Bumbling gov’t troops
Agriculture Secretary Manny Pinol is right: The think tank that warned that buying rice from local farmers during the peak harvest season would spike its prices is a paid hack.
Greedy businessmen paid the New York-based Global Source to come up with that opinion, according to the “small but terrible” agriculture chief.
Why should the government change its mind to buy rice from local farmers during the harvest season and instead import the staple just because a paid hack said so?
A paid hack is not worth listening to, no matter if it gave an “objective” and well-researched analysis.
A paid hack reports on the dictates of its patrons.
It was unfair of the Armed Forces of the Philippines (AFP) to accuse an elderly couple—Constancio and Crisenta Petalco, both in their 60s—of coddling Abu Sayyaf bandits.
The couple were killed in the crossfire between government forces and the bandits in Inabanga, Bohol.
The accusation was apparently meant to cover up the stupid bungling of military and police forces.
The Petalcos were killed because they were too weak and old to run for cover.
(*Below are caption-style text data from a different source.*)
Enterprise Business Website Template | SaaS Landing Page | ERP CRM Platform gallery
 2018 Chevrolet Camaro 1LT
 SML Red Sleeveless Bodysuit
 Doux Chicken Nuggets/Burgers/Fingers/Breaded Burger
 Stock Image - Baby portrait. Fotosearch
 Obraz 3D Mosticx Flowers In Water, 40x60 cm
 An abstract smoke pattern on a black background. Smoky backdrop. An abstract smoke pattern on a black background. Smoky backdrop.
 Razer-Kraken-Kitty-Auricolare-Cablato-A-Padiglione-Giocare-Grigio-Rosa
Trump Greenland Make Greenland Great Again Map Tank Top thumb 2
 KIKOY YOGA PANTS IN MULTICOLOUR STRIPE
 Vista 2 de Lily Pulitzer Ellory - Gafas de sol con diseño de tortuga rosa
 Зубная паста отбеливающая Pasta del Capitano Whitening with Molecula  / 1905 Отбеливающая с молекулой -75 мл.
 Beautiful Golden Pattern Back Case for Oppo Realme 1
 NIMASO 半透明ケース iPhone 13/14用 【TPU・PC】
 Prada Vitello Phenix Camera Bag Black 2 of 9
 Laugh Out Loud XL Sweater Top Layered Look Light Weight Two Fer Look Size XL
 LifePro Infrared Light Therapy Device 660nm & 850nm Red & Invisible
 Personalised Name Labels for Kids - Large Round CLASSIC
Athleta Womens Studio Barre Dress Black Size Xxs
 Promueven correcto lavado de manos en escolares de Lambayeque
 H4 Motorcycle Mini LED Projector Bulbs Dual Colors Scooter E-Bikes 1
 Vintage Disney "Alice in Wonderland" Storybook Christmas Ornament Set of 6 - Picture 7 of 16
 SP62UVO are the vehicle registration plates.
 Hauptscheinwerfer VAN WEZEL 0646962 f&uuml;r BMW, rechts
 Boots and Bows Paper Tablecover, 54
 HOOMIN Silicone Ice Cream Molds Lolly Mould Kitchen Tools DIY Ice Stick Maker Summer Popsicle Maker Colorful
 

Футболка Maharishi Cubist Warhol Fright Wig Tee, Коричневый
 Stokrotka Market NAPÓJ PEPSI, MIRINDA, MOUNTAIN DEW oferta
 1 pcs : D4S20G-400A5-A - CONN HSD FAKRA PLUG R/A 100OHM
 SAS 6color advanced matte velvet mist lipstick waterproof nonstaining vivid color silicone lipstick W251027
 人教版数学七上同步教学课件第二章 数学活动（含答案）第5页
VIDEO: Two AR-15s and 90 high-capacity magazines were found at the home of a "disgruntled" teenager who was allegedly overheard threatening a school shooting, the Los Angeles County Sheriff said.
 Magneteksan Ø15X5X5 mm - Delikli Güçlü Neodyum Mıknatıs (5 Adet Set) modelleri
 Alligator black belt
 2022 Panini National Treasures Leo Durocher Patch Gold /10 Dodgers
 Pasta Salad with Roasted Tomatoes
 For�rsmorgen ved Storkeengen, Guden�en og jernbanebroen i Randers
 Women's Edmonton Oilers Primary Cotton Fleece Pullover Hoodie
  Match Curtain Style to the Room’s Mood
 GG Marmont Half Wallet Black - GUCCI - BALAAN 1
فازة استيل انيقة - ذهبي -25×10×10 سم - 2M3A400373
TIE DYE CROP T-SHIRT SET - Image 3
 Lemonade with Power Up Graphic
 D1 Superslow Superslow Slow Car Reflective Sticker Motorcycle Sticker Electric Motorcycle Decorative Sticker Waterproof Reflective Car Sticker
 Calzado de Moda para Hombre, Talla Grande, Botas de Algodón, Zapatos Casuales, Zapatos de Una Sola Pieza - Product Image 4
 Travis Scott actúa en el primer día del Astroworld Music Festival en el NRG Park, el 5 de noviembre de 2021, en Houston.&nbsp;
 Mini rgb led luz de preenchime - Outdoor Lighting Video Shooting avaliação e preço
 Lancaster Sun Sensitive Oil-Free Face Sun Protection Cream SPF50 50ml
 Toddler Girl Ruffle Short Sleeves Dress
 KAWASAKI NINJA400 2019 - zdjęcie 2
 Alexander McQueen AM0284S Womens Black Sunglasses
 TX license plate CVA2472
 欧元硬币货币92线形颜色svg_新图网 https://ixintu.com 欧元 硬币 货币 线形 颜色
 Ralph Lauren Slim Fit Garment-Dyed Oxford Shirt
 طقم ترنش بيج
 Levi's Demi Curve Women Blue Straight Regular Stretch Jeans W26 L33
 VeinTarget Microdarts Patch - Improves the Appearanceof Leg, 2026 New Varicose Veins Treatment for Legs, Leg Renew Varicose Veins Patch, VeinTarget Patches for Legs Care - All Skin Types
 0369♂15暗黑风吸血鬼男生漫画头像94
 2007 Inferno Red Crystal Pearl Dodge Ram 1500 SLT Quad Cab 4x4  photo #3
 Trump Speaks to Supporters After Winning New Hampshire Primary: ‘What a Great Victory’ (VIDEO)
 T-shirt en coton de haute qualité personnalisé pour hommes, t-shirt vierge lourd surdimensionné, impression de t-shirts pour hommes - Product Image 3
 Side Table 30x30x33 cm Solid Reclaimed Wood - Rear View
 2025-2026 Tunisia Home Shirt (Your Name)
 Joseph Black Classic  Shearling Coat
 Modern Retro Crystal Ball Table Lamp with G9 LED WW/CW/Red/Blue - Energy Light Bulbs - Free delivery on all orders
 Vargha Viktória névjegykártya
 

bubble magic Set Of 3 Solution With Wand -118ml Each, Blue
The least the military and police could have done was to apologize for the couple’s death instead of saying they were “persons of interest.”
If the government forces were not bumbling idiots or were not caught sleeping on the job, how come three of them were killed in the firefight when they had mastery of the terrain while the bandits were strangers to the place?
It would have been excusable for the troops to suffer casualties—like if the firefight happened in the jungles of Sulu or Basilan—because the bandits had the run of the terrain; but the soldiers and the policemen are supposed to know every nook and cranny of the area since they’re from the place.
Why the hell did the government troops still suffer that many casualties, not to mention the number of wounded, when they had mastery of the terrain?
Unless the government doesn’t know how to count, three is a big number.
It’s time for the government troops to change tactics vis-a-vis the New People’s Army and Moro rebels because almost always they’re licked in firefights with the enemy.
At the rate soldiers and policemen are getting killed, there might not be any more troops left to fight.
Unless they have the misplaced optimism of a battalion commander during the Sulu campaign in the 1970s.
When informed that his men suffered heavy casualties during a battle, that battalion commander said: “Di bale, marami pang Ilocano sa Luzon (Never mind, there are still many Ilocanos in Luzon).